Guru dan penulis yang berhasil menyatakan, “Apa yang paling berarti dalam pembelajaran adalah sikap. Sikap adalah guru.”1

Perhatikan bahwa apa yang paling berarti dalam pembelajaran bukanlah jumlah tahun seorang guru telah menjadi anggota Gereja atau berapa banyak pengalaman mengajar yang seseorang miliki atau bahkan pengetahuan guru tentang Injil atau teknik-teknik mengajar. Apa yang paling berarti adalah sikap atau roh yang melaluinya guru tersebut mengajar.

Dalam pertemuan pelatihan kepemimpinan sedunia, Penatua Jeffrey R. Holland memaparkan kisah ini, “Selama beberapa tahun, saya telah menyukai kisah yang Presiden Packer tuturkan mengenai guru Sekolah Minggu masa remaja William E. Berret. Seorang brother lanjut usia berkebangsaan Denmark dipanggil untuk mengajar kelas anak-anak lelaki yang gaduh. Dia tidak bisa berbahasa Inggris dengan fasih; aksen Denmarknya masih kental; dia jauh lebih tua, dengan tangan kekarnya. Namun dia harus mengajar para remaja berusia 15 tahun ini yang sulit dikendalikan. Dalam semua cara yang praktis, keadaan ini tampaknya tidak imbang. Tetapi Brother Berrett pernah mengatakan—dan ini adalah bagian yang Presiden Packer kutip—meskipun demikian orang ini mengajar mereka; bahwa terlepas dari semua hambatan itu, melalui semua batasan itu, orang ini menjangkau hati anak-anak remaja berusia 15 yang gaduh itu dan mengubah hidup mereka. Dan kesaksian Brother Berrett adalah ‘Kita dapat menghangatkan tangan kita melalui api imannya.’”2

Guru Injil yang berhasil mengasihi Injil. Mereka bersemangat mengenainya. Dan karena mereka mengasihi siswa-siswa mereka, mereka ingin para siswa merasakan seperti mereka merasakan dan mengalami apa yang telah mereka alami. Mengajarkan Injil adalah membagikan kasih Anda akan Injil.

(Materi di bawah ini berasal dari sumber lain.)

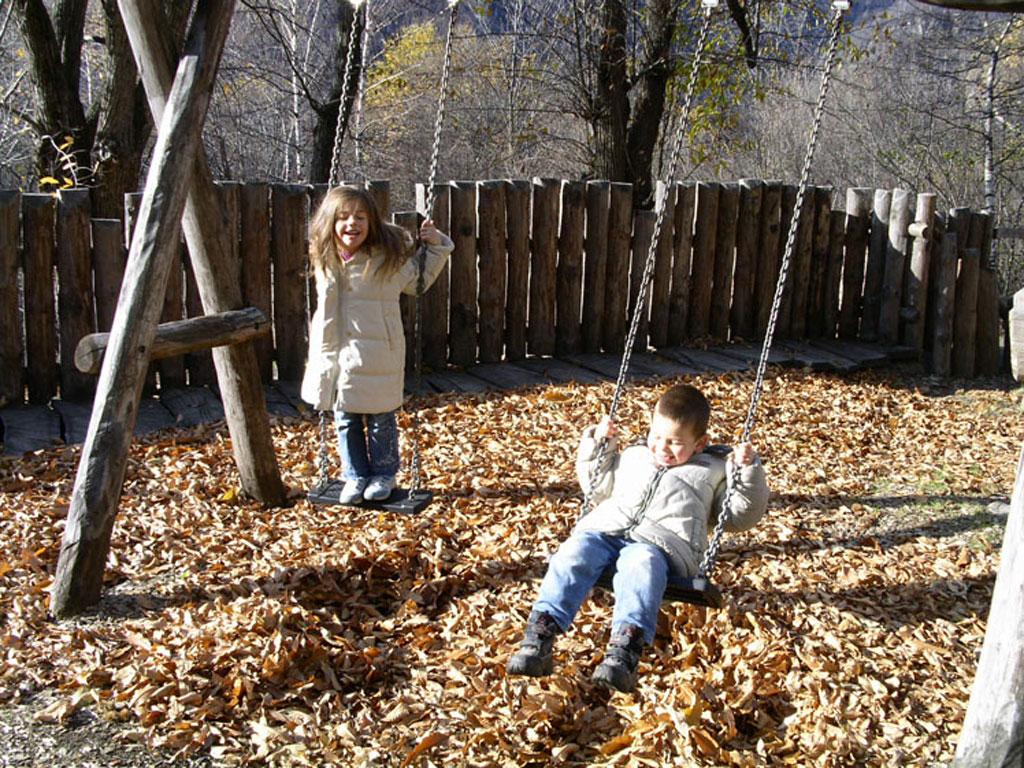 Image 2 - Terrain de jeux Calonico 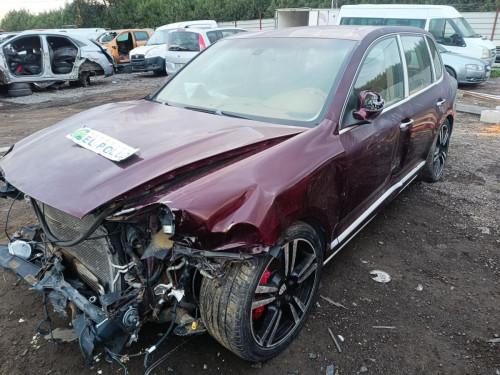 PORSCHE CAYENNE (TIPO 9PA)
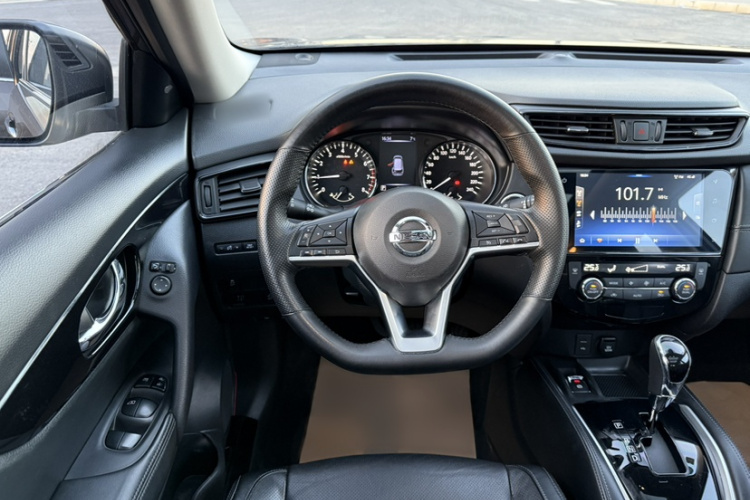 日产 奇骏 2019款 2.0L CVT智联舒适版 2WD中控内饰7001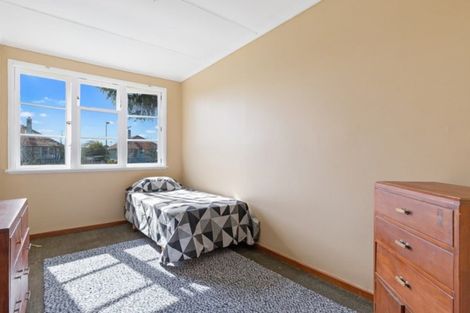 Photo of property in 44 Ross Crescent, Fairfield, Hamilton, 3214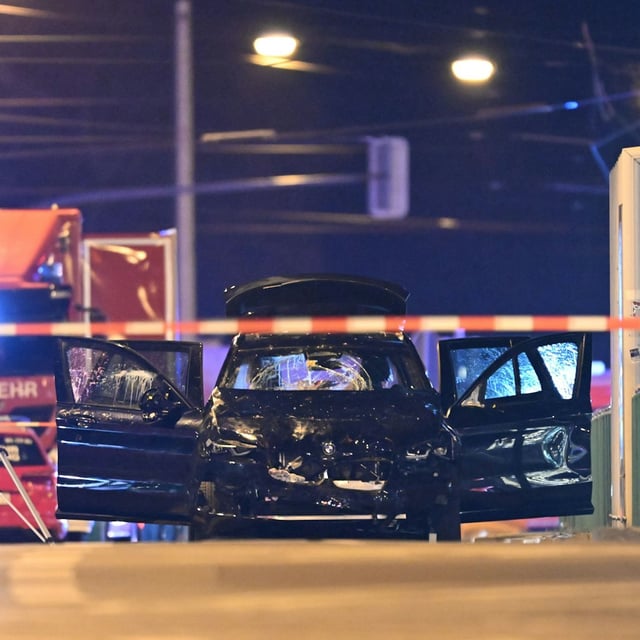 Ein Auto, mit dem ein Täter in eine Menschenmenge auf dem Weihnachtsmarkt in Magdeburg gefahren sein soll, steht mit offenen Türen in der Nähe des Tatorts.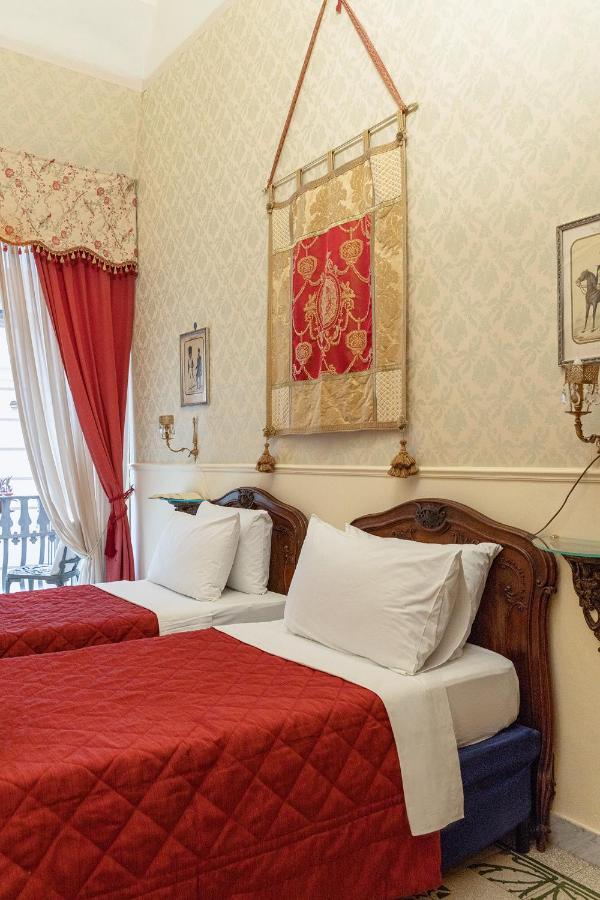 Carafa Di Maddaloni Residenza Di Charme Hotel Napoli Bagian luar foto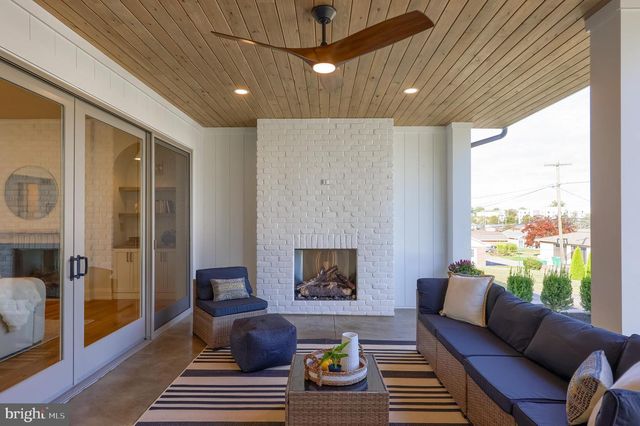 1225 HUNSICKER, Lancaster, PA 17601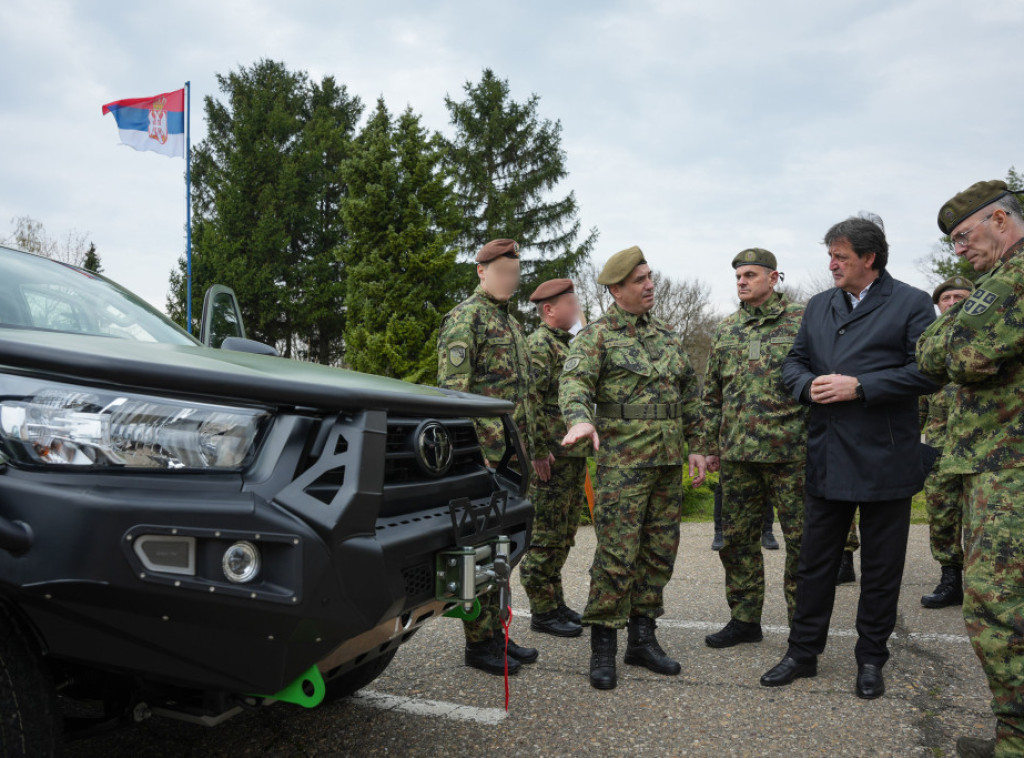Ministarstvo odbrane: Novih 100 terenskih vozila za jedinice Vojske Srbije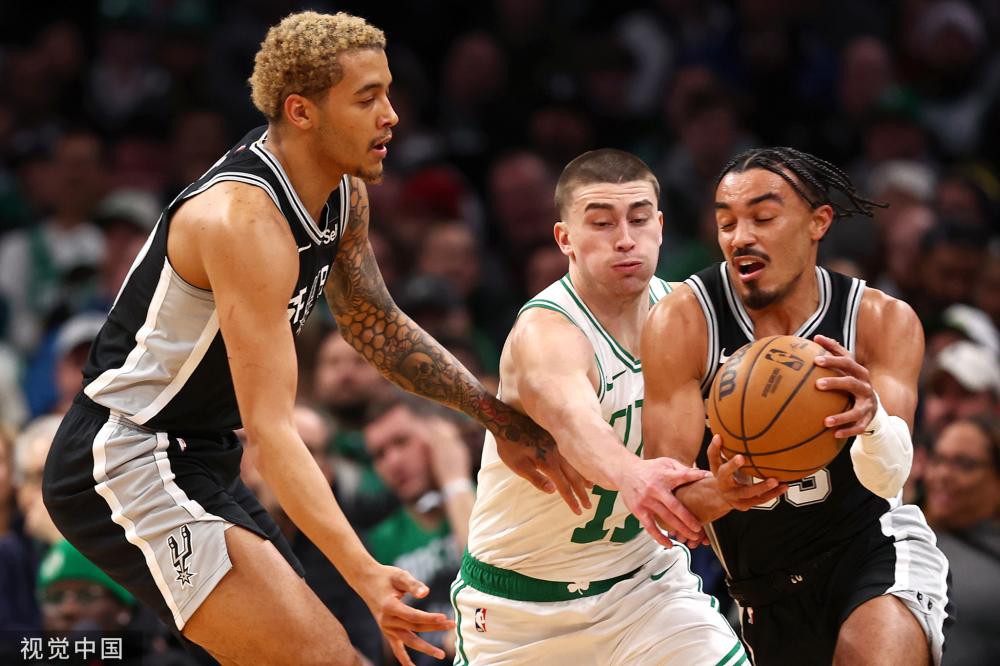 在足球场上 在足球场上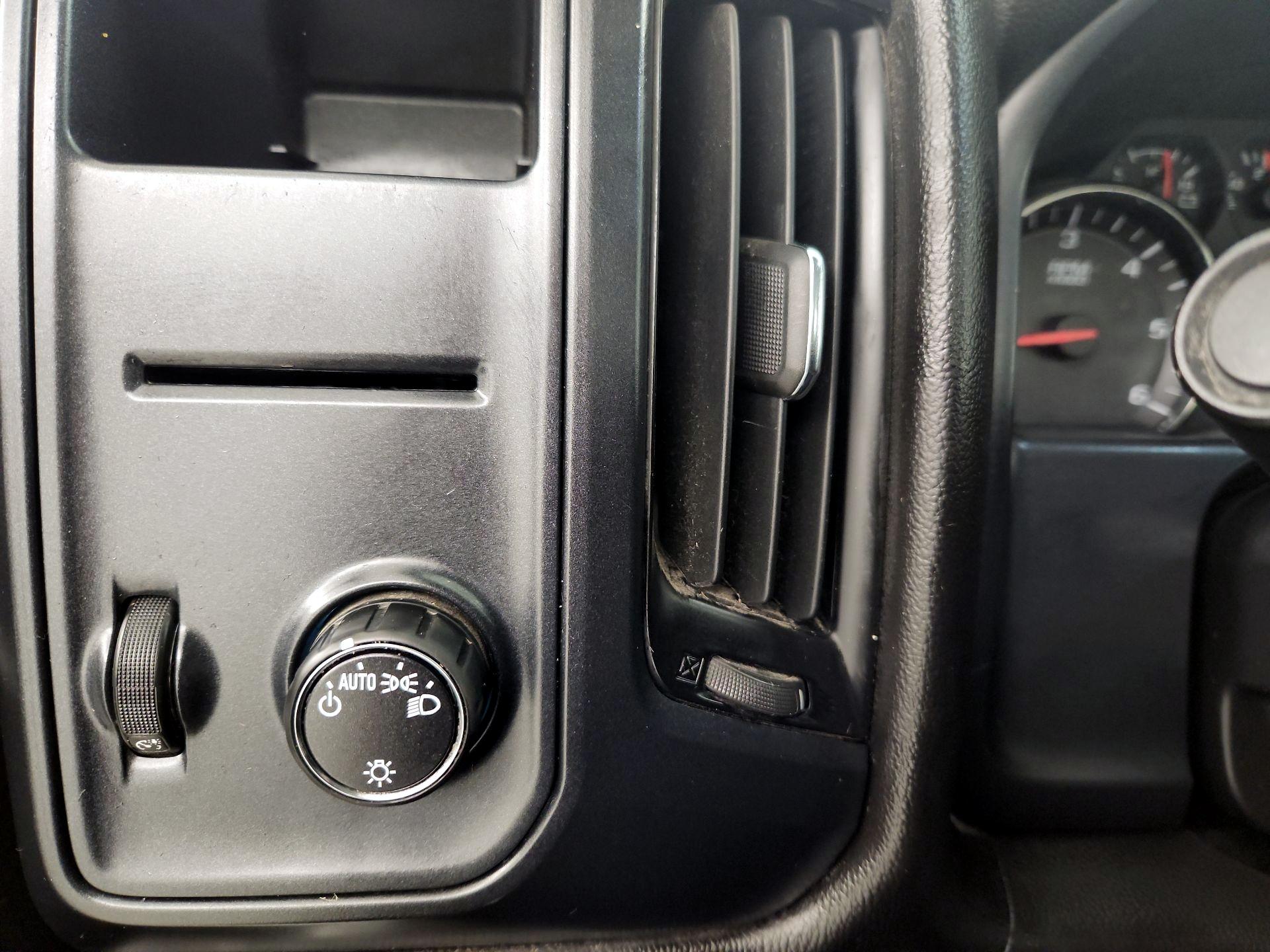 Thumbnail: 2016 Chevrolet Silverado 1500 - 13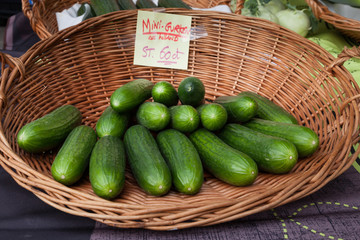 Deutschland, Markt, Korb mit Mini Gurken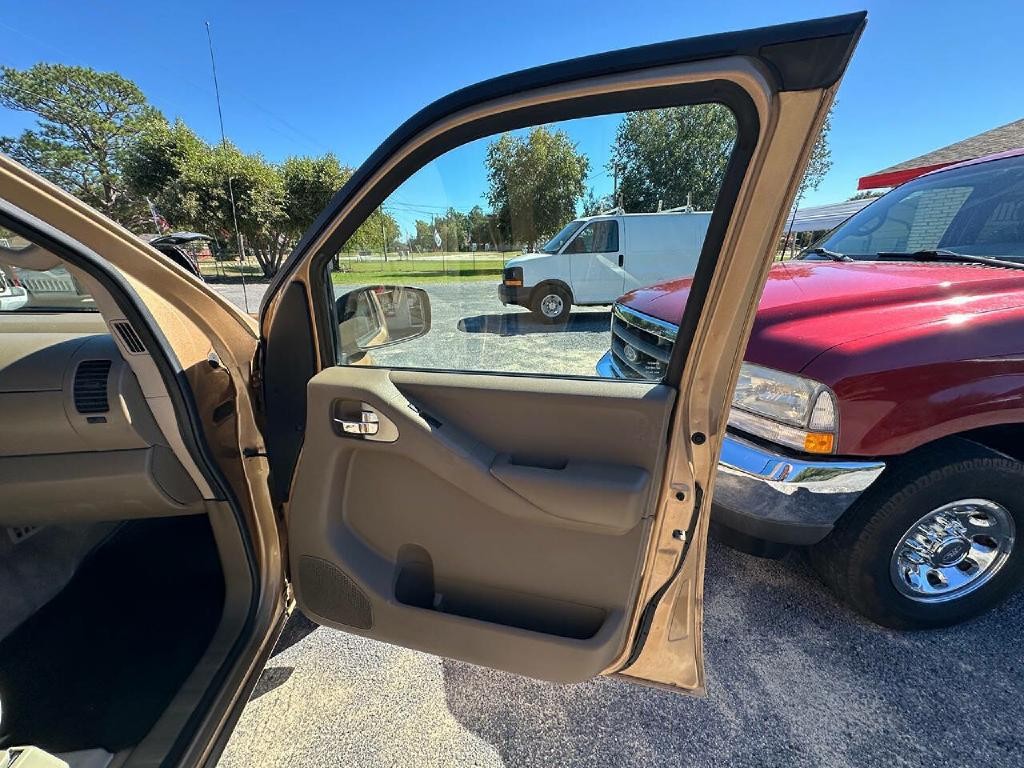 2005 Nissan Frontier Image 49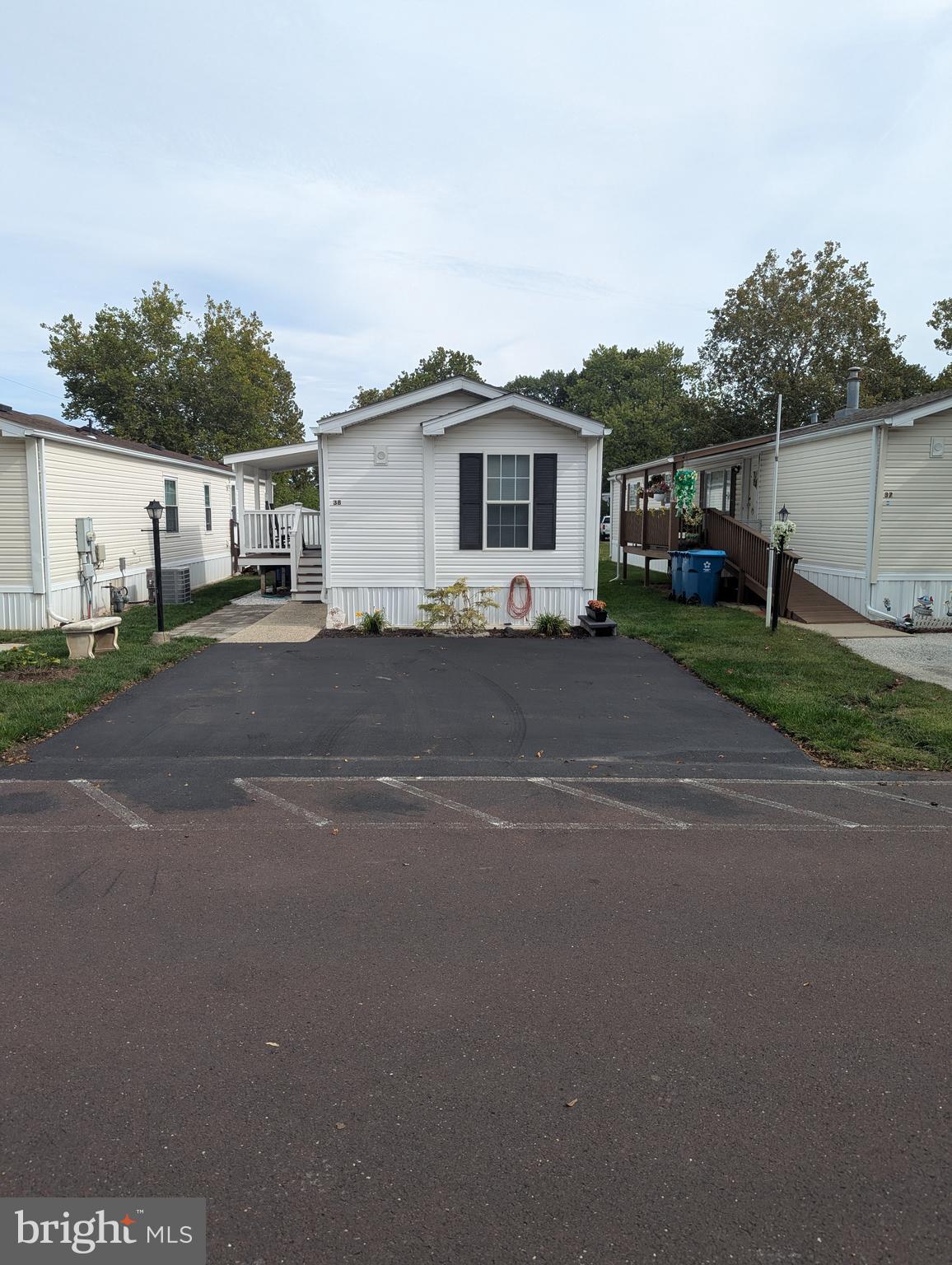 SPRING MEADOWS - Residential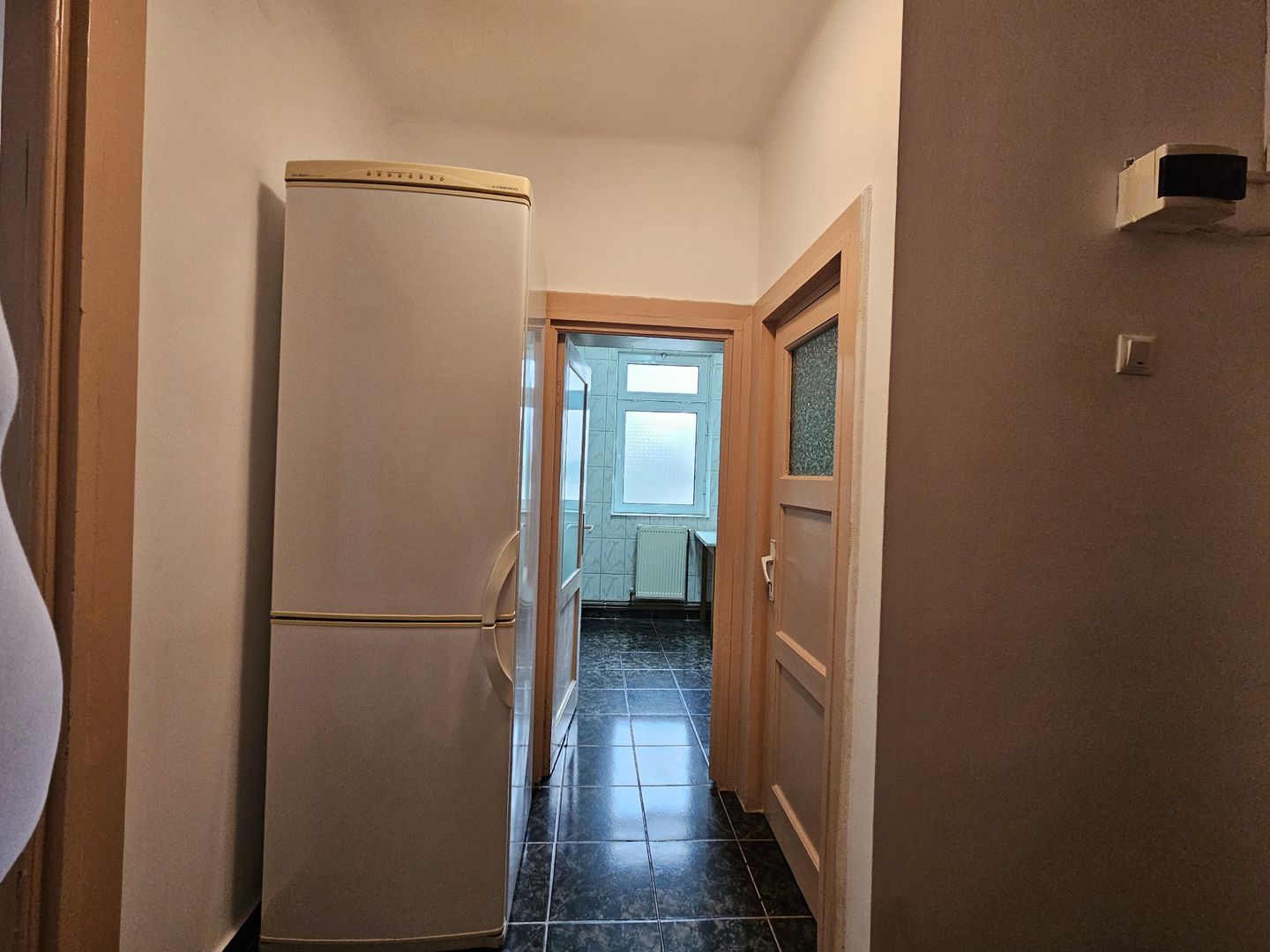 Apartament 2 camere de vanzare, Piața Victoriei centrala proprie - Poză 10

Brother dan sister, sikap guru tidak diperoleh melalui pembelajaran, itu diperoleh melalui cara lain.3

Jadi, bagaimana kita mengembangkan sikap yang diperlukan untuk menjadi guru yang sukses? Saya ingin membahas empat asas dasar pengajaran Injil.

Pertama, benamkan diri Anda sendiri dalam tulisan suci. Kita tidak dapat mengasihi apa yang tidak kita tahu. Kembangkan suatu kebiasaan penelaahan tulisan suci setiap hari, pisahkan dan sisihkan dari persiapan pelajaran Anda. Sebelum kita dapat mengajarkan Injil, kita harus mengetahui Injil.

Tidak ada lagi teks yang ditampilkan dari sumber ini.